Just as a disclaimer, I haven’t read the books but I saw the movie with an avid fan of them, and from what I hear the differences between the two media are few and far between, and none detract from the plot. Right there you have a ringing endorsement for most fans of the books.
Since I’m not here to review the book, that’s where the discussion of that ends. The movie follows the dystopian story of the young Katniss Everdean, who finds herself involved in the Hunger Games. This brutal fight to the death between 24 members of the Districts of Panem is held every year in order to keep the Districts in line through fear, which has worked well for the last 73 years; Katniss will turn out to be a wrench in the gears, though.

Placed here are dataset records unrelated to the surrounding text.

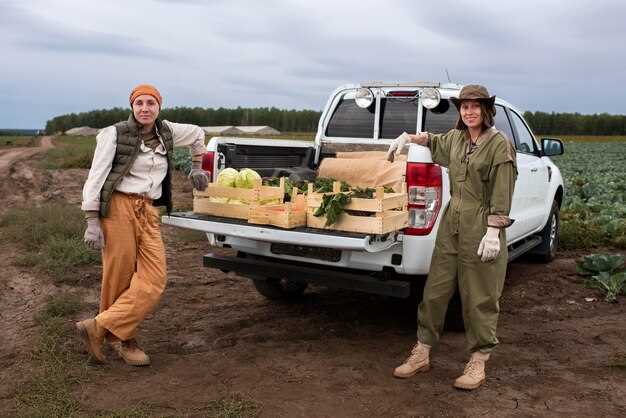 Безопасность и ассистенты: что доступно на рынке и как они работают в реальных условиях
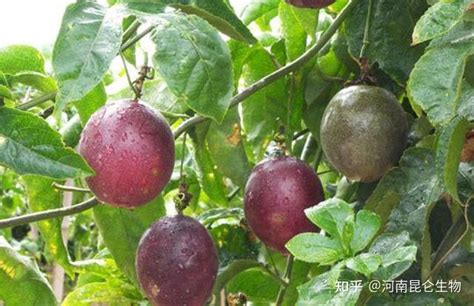 百香果施什么肥料最好，有机肥料／磷钾肥料／微量元素肥料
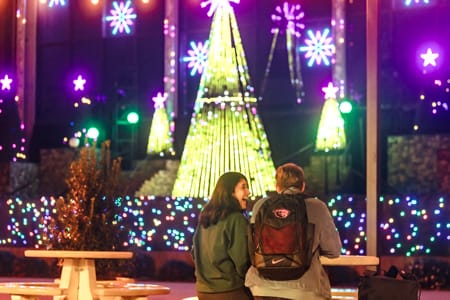Christmas Lights Display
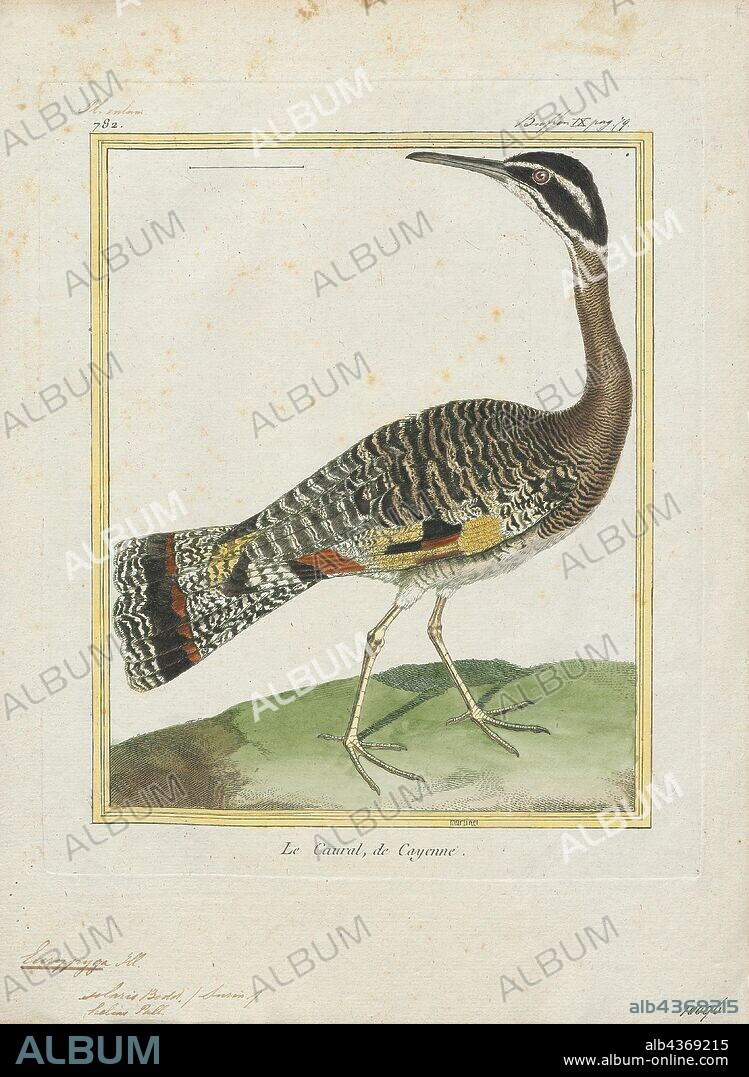 Eurypyga solaris, Print, Sunbittern, The sunbittern (Eurypyga helias) is a bittern-like bird of tropical regions of the Americas, and the sole member of the family Eurypygidae (sometimes spelled Eurypigidae) and genus Eurypyga. It is found in Central and South America, and has three subspecies. The sunbittern shows both morphological and molecular similarities with the kagu (Rhynochetos jubatus) of New Caledonia, indicating a gondwanic origin, both species being placed in the clade Eurypygiformes., 1700-1880.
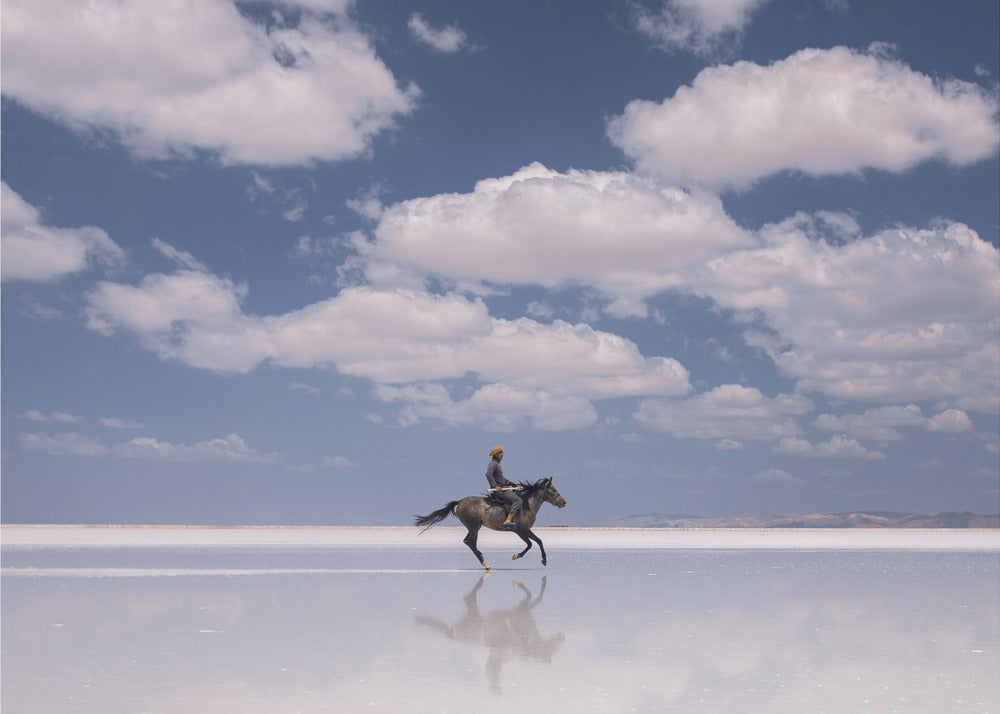 Salty Rider | Lærredsbilleder
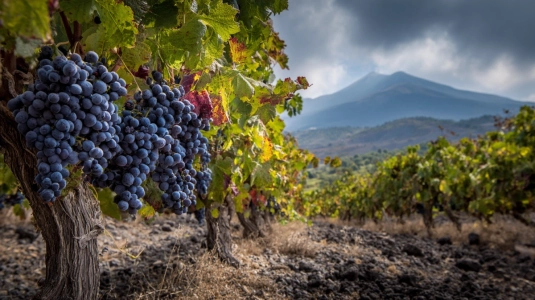 Vindruvor på vulkanisk mark på Sicilien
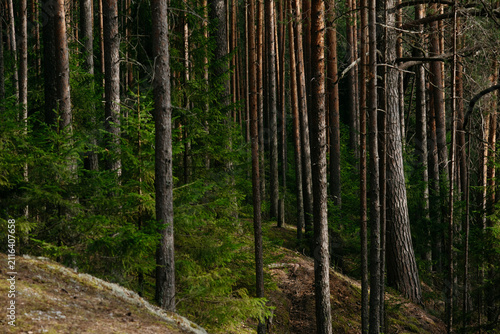 A forest lake overgrown with pine trees in the light of sunset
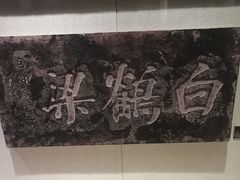 -白鹤梁水下博物馆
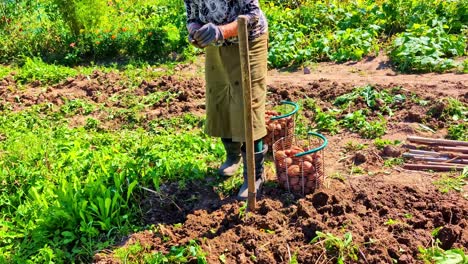 Woman Harvesting Potatoes Into Wire Baskets in Sunny Rural Garden Bed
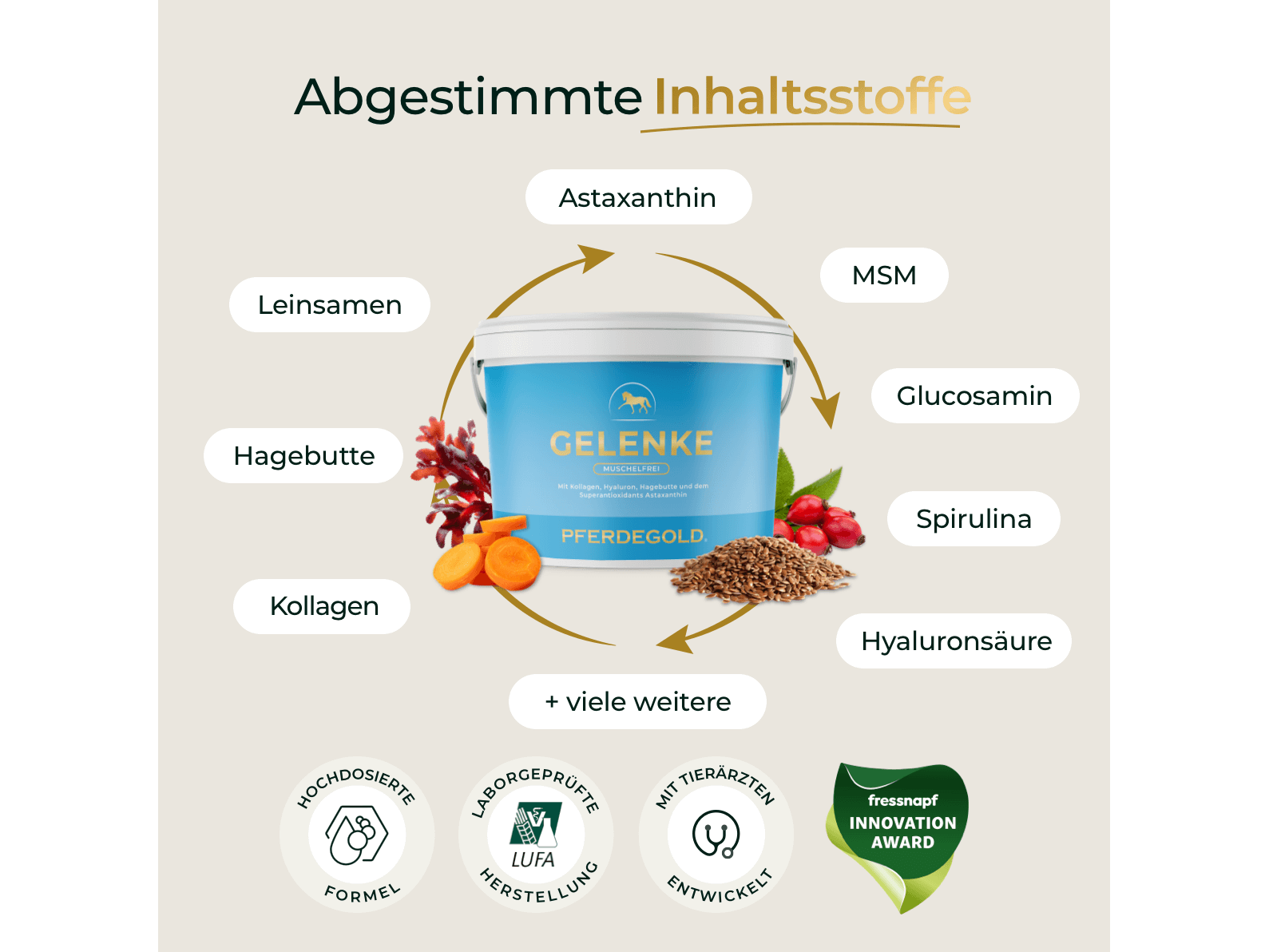 Gelenke Muschelfrei 2.0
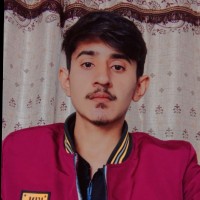 Ziad Malik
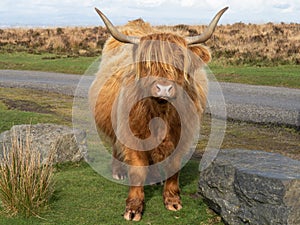 Highland cow on Exmoor, Devon, UK.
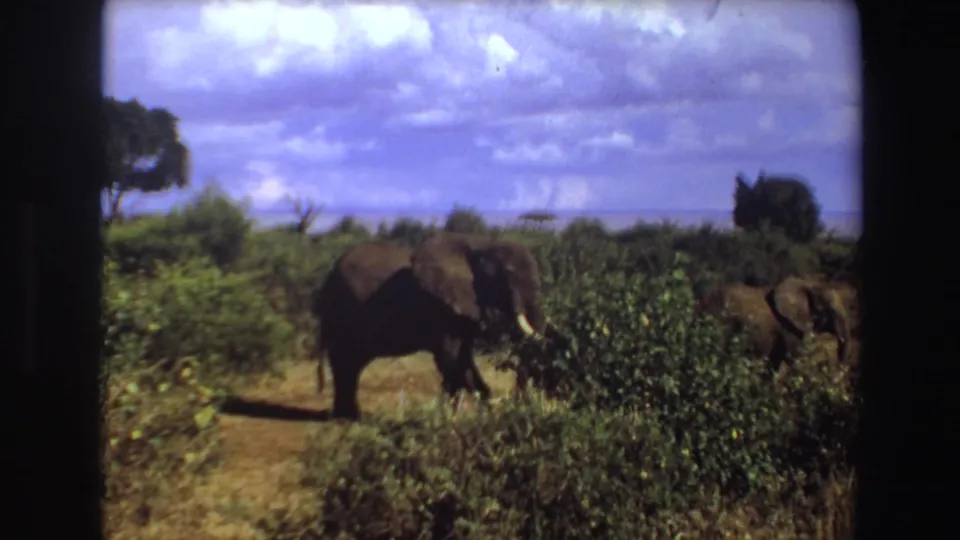 1969 Angola 8mm frame of an elephant moving through savanna shrubs, with another elephant partly visible at the frame edge.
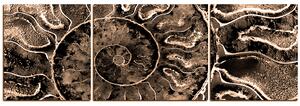 Obraz na plátně - Textura fosílie - panoráma 5174FC (90x30 cm)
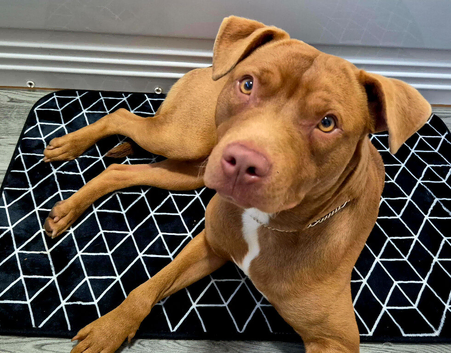 10 month old boy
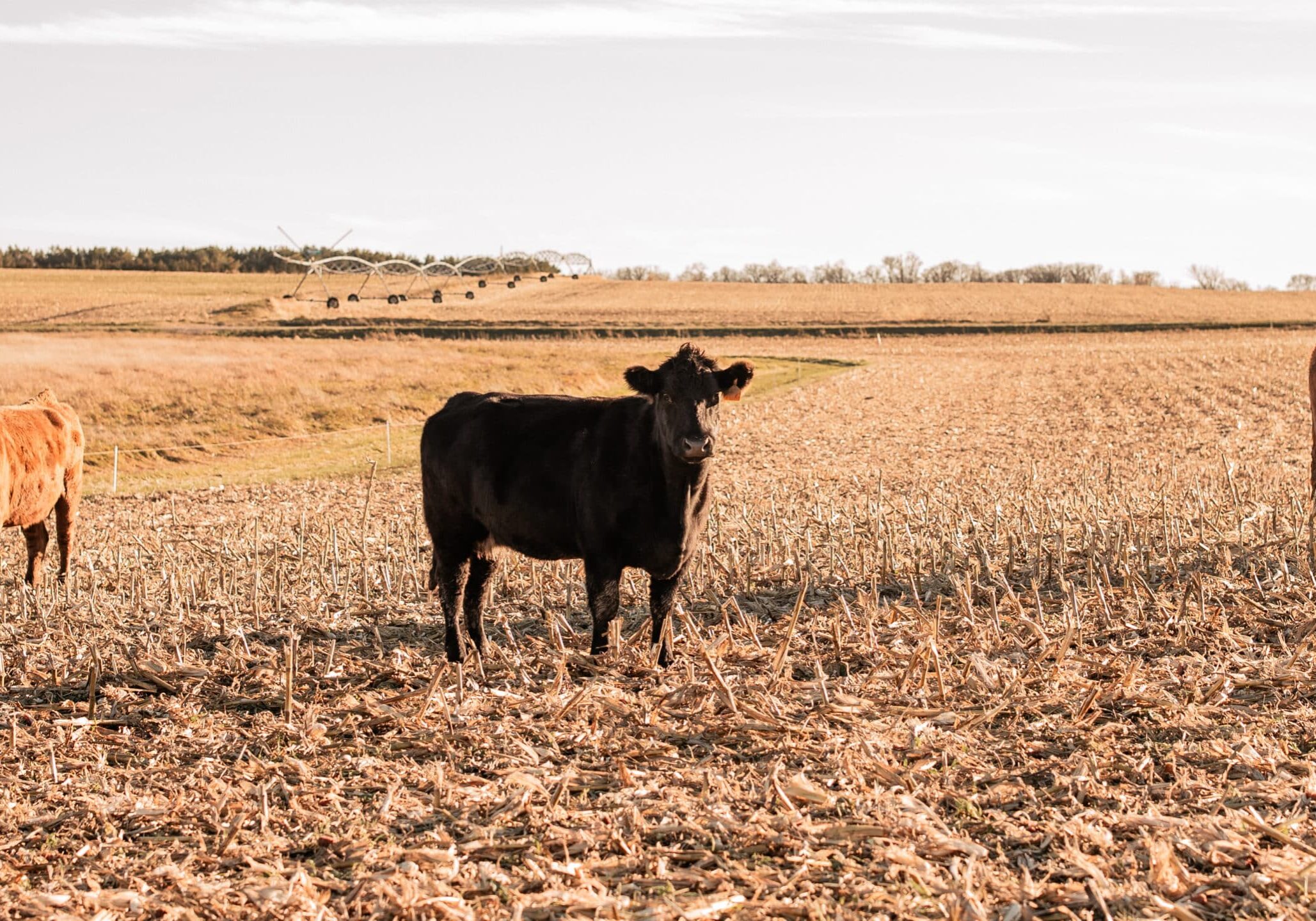 Three Cattle in field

Jennifer Lawrence was an excellent choice to play the part. Her understated, almost plain good looks complement her at times stoic character and seem to perfectly fit the District she represents (To clarify at Twilight’s expense: just because Katniss is at times stoic does not by any means say she’s bland and one-dimensional like Kristen Stewart). She is a superb actor, and is able to convey many emotions through very little, which is essential to this story.
Not only was the casting good, but so was the character development in the film. This is often hard to translate from a 300-page novel to a two hour movie, but it was done very well. The special effects are also a plus. The Capitol is especially impressive, although the Dr. Seuss-esque costumes of the aristocrats may be a little too over-the-top. Nothing visual ever removed me from the action, which speaks highly of the design.
I only had two gripes: the first is that of Prim’s actress (and character, possibly), who did nothing but annoyingly wail incoherently. If that wasn’t enough of a headache, my second gripe added to it immensely. The camera work early in the film was horrendous, with the camera often a foot from the character’s face and shaking, if not 100 yards from the character and shaking. It was an attempt to convey some kind of emotion I wasn’t feeling, and thankfully it stopped less than half way through the movie.
There’s a lot to suggest this movie. It manages to add feeling to a brutal concept and speaks to deeper things about human nature than killing and death. I was pleasantly surprised, and the only reason this didn’t get its fifth star is because of the few flaws I mentioned and minor pacing issues. In general, The Hunger Games is a pleasure to watch.